((

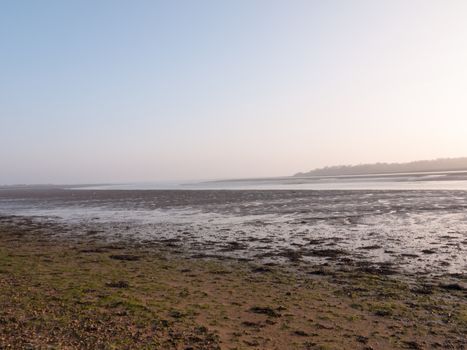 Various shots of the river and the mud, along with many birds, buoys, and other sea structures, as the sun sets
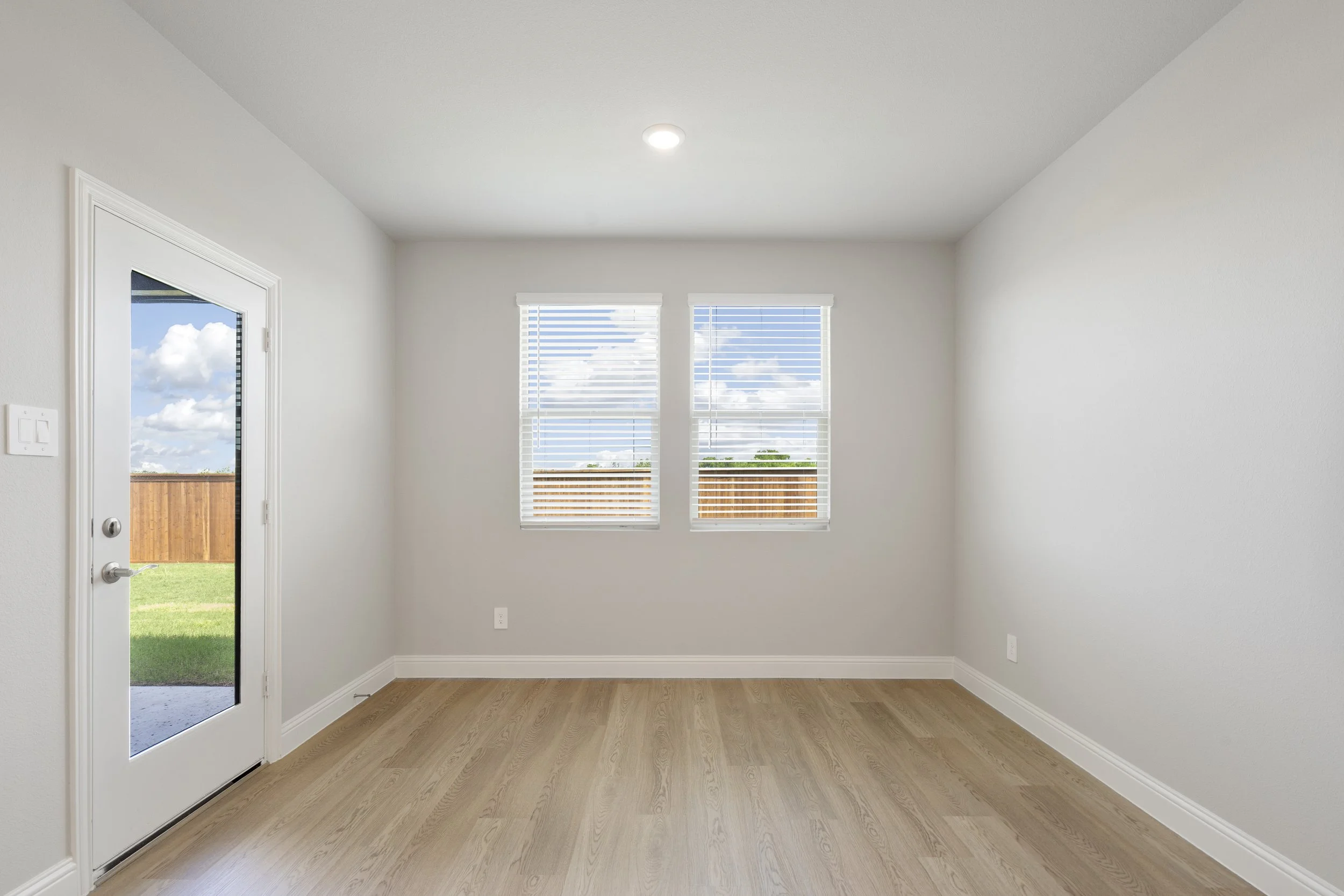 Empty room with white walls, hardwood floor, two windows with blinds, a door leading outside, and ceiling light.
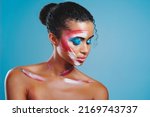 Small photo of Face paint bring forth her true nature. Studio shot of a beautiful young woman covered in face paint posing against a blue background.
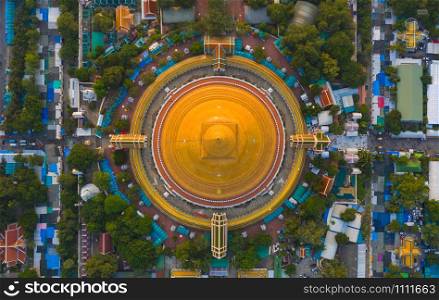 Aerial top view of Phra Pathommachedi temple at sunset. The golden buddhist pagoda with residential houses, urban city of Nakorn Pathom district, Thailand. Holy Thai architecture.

))

**EXERCISE PROMPT**:
Aside from its pictures, the listing must be given again in full, exactly as it appears.

**ANSWER BOX**:
 Various shots of the river and the mud, along with many birds, buoys, and other sea structures, as the sun sets
 Empty room with white walls, hardwood floor, two windows with blinds, a door leading outside, and ceiling light.
 Small photo of Face paint bring forth her true nature. Studio shot of a beautiful young woman covered in face paint posing against a blue background.
 Aerial top view of Phra Pathommachedi temple at sunset. The golden buddhist pagoda with residential houses, urban city of Nakorn Pathom district, Thailand. Holy Thai architecture.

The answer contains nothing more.